Non rammentiamo più neanche Giulio Colombini (29 agosto 1913), il primo medico africoto che, fin già nel periodo prebellico, si distingue per competenza, umanità e abnegazione in un paese come Africo, che tanto in quel delicato periodo ne ha bisogno. Di lui parla Tommaso Besozzi nello storico servizio pubblicato nel 1948 su L’Europeo, quando, testualmente, afferma:

Ad Africo c’è un medico, il guaio è che vive a Roma, dovendo frequentare le cliniche universitarie per un corso di specializzazione.

È, esattamente, il nostro Giulio, il quale ,proprio in quel periodo, studiava nella Capitale per specializzarsi in ginecologia, settore della medicina in cui ha poi operato con grande perizia.
Altri ancora meriterebbero di essere liberati dall’oblio del tempo, degni di una pur che minima gratitudine. Siamo così diventati, nel tempo, una comunità smemorata, quasi irriconoscente verso persone che, spendendosi per il proprio paese, hanno segnato, in positivo, parte della nostra storia cittadina, lasciandole, colpevolmente, nel dimenticatoio, coperte dalla polvere del passato. Tutto ciò lo si rileva dalla stessa odierna odonomastica urbana, che è stata, in toto dedicata a persone e personaggi che con l’identità e gli interessi della comunità africese non hanno alcun minimo legame. Quanto sarebbe bello, e più utile, che i giovani d’oggi e le generazioni future, percorrendo le vie del paese o, magari, sostando nelle piazze cittadine, potessero, virtualmente, incontrare e dialogare con i molteplici protagonisti della millenaria storia africese!

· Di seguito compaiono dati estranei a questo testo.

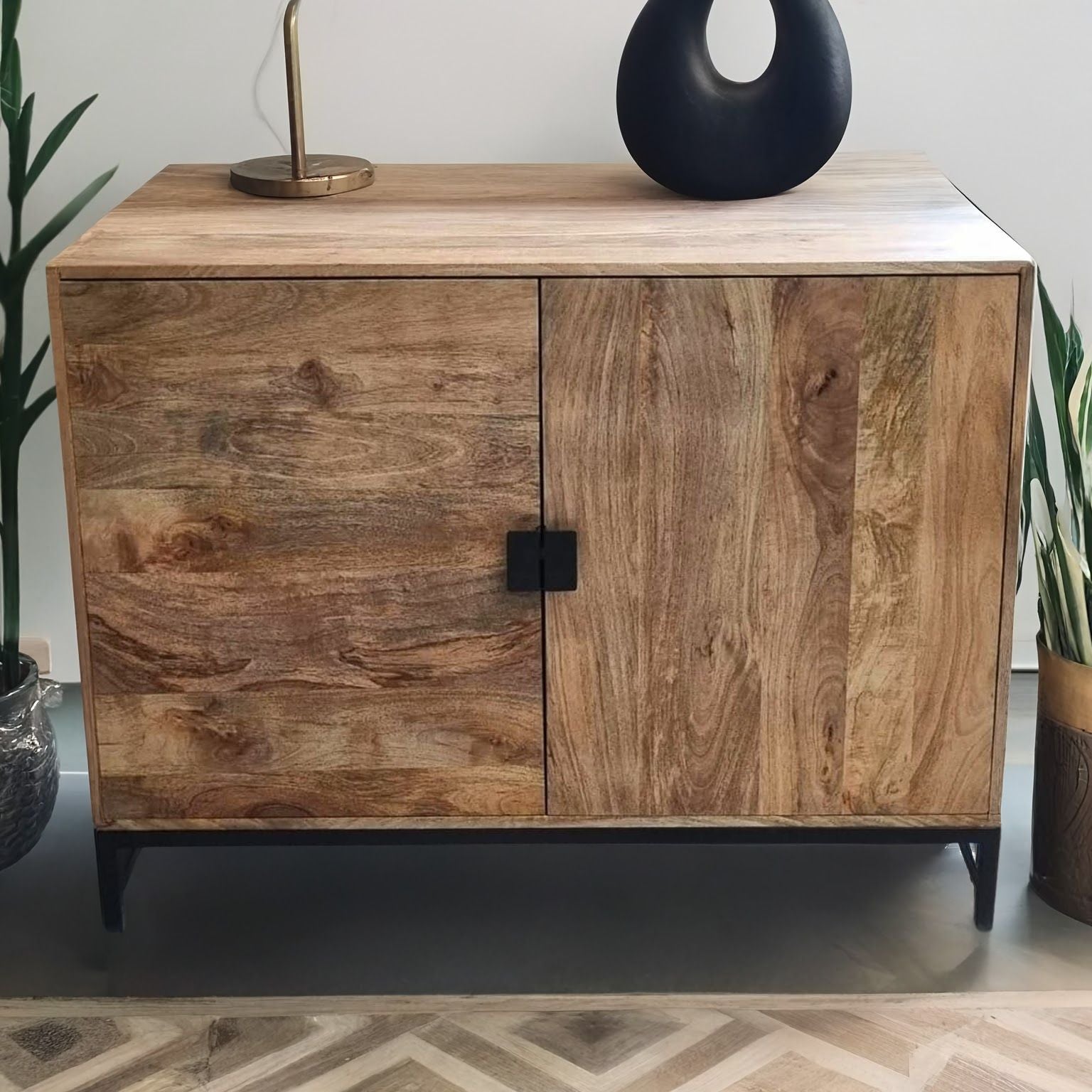 Cette armoire en manguier Kukuu a été fabriquée à partir de bois massif de manguier et de métal. Mesures: 120 (L) x 40 (l) x 90 (H) cm. Kukuu, meubles industriels de qualité.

Non basta partecipare, annualmente, ai pellegrinaggi del 18 Ottobre (Commemorazione dell’Alluvione del ’51) o del 5 maggio (San Leo), per comprovare l’amore per il proprio paese o per onorare i propri avi! Sarebbe, invece, più opportuno attivamente adoperarsi per il recupero dei due borghi scomparsi, oggi divenuti ruderi invasi dalla vegetazione, ma anche, ahinoi, “un’enorme e unica stalla dove le vacche allo stato semibrado hanno preso il possesso”, come hanno ben rilevato in una loro pubblicazione del 1999 Francesco Bevilacqua e Alfonso Picone.